Directly extracting the text content in PPT can be convenient for us to further process or analyze, and can also be directly used for compiling other documents. By using Python program, we can quickly batch extract the text content in PPT, so as to realize efficient information collection or analyze the data in it. In this article, we will introduce how toExtract text from PowerPoint presentations using Python programcontent, including the body text in the slide, the slide note text, and the slide.
The methods used in this article require the use of for Python, which can be downloaded from the official website or installed via PyPI:pip install
。
Apply for Free License
Extract PPT Slide Text with Python
In PPT slides, text content is placed in various shapes, such as text boxes and graphics. We can first get the shape of the slide, and then extract the text in it, so as to realize the extraction of the text content of the slide. The following are the operation steps:
- establishPresentation object and use the() method to load the PPT.
- Iterate over the slides in the PPT and then over the shapes in the slides.
- Determine if the shape isIAutoShape instance. If so, the instance is passed through the Get the paragraphs in it, and then pass the property gets the text in the paragraph.
- Write text to a text file.
Code Example:
Python
surname Cong import (data) * surname Cong import (data) * # Create an object of the Presentation class pres = Presentation() # Load a PowerPoint presentation ("Example.pptx") text = [] # Loop through each slide with regards to slide exist center: # Loop over each shape with regards to shape exist center: # Check if the shape is an instance of IAutoShape in the event that isinstance(shape, IAutoShape): # Extract text from shapes with regards to paragraph exist center: () # Write text to a text file f = open("output/slide text.txt", "w", encoding='utf-8') with regards to s exist text center: (s + "\n") () ()
Extraction results:
Extracting PPT Note Text with Python
Notes are additional information added based on slides that can guide or prompt the speaker and are not shown to the audience. Notes for slides are stored in theNotesSlide object, which can be accessed via the attribute. Once you've gotten the changed object again, you can use the attribute to extract the text in it now. Here are the steps to do so:
- establishPresentation object and use the() method to load the PPT.

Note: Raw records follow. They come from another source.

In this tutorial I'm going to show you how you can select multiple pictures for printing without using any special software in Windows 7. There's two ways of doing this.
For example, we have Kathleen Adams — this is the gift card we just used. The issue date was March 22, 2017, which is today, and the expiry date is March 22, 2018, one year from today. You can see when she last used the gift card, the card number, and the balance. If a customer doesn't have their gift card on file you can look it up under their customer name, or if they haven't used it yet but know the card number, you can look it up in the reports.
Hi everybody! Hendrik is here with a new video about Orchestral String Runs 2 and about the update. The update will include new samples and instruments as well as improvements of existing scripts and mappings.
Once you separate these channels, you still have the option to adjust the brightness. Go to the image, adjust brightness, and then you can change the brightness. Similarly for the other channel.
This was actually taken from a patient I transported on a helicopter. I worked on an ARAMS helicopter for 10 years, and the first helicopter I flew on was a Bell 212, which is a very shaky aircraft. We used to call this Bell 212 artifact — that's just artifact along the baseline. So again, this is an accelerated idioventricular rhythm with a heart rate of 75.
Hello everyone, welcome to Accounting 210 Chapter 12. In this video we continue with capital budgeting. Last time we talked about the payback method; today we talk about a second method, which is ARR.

- Iterate through the slides in the PPT, by means of the Property AcquisitionNotesSlide object, which is then passed through the attribute to extract the note text.

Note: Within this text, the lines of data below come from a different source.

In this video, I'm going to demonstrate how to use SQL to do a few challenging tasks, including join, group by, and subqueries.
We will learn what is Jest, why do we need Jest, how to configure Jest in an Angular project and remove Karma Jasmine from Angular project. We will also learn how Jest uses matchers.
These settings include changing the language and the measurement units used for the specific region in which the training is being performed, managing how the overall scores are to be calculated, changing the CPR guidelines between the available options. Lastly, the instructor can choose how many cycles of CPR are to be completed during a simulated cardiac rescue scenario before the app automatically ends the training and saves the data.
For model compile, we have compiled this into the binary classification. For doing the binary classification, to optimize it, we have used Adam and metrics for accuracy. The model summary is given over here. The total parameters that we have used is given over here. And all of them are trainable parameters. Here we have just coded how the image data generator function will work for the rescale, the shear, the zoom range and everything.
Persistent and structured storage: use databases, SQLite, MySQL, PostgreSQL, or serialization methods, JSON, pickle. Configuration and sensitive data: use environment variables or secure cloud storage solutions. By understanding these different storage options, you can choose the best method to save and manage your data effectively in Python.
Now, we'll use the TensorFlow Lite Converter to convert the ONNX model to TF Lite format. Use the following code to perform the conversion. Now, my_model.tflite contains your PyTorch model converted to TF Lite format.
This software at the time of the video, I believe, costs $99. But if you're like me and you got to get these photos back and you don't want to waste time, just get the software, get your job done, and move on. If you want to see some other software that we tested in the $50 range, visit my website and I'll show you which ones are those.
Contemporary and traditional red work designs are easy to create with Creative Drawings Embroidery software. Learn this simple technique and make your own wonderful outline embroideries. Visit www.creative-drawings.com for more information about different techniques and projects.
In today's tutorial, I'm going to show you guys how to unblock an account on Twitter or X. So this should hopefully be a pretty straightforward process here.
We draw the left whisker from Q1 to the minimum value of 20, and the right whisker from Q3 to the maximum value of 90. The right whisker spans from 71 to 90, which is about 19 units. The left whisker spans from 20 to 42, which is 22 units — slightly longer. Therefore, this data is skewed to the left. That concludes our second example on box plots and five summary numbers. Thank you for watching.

- Writes text to a text file.
Code Example:
Python
surname Cong import (data) * surname Cong import (data) * # Create an object of the Presentation class pres = Presentation() # Load a PowerPoint presentation ("Example.pptx") notes_list = [] # Loop through each slide with regards to slide exist center: # Get notes slides notes_slide = # Access to the contents of the note notes = notes_slide. notes_list.append(notes) # Write notes to text files f = open("output/remarks text.txt", "w", encoding="utf-8") with regards to note exist notes_list center: (note) ("\n") () ()
Extraction results:
Extract PPT annotated text with Python
We can also pass the property to get the annotations in the PPT slide with the property to get the text in the annotation. The following is the procedure:
- establishPresentation object and use the() method to load the PPT.
- Iterate through the slides by property gets the collection of annotations in each slide.
- Iterate through the annotations by property extracts the text in the annotation.
- Write text to a text file.
Code Example:
Python
from import * from import * # Create an object of the Presentation class pres = Presentation() # Load a PowerPoint presentation ("Example.pptx") comments_list = [] # Iterate over all slides for slide in : # Get all the comments in the slideshow comments = # Traversing comments for comment in comments: # Get comment text comment_text = comments_list.append(comment_text) # Write comments to a text file f = open("output/annotated text.txt", "w", encoding="utf-8") for comment in comments_list: (comment + "\n") () ()
Extraction results:
summarize
This article describes how to use Python to extract text content from slides, including extracting slide text, note text, and annotation text.
The API used in the text also supports many other PPT processing operations, go to the for Python TutorialLearn more about PPT operations.
Above is the use of Python to quickly extract the text content of the PPT code example of the details, more information about Python to extract the text content of the PPT please pay attention to my other related articles!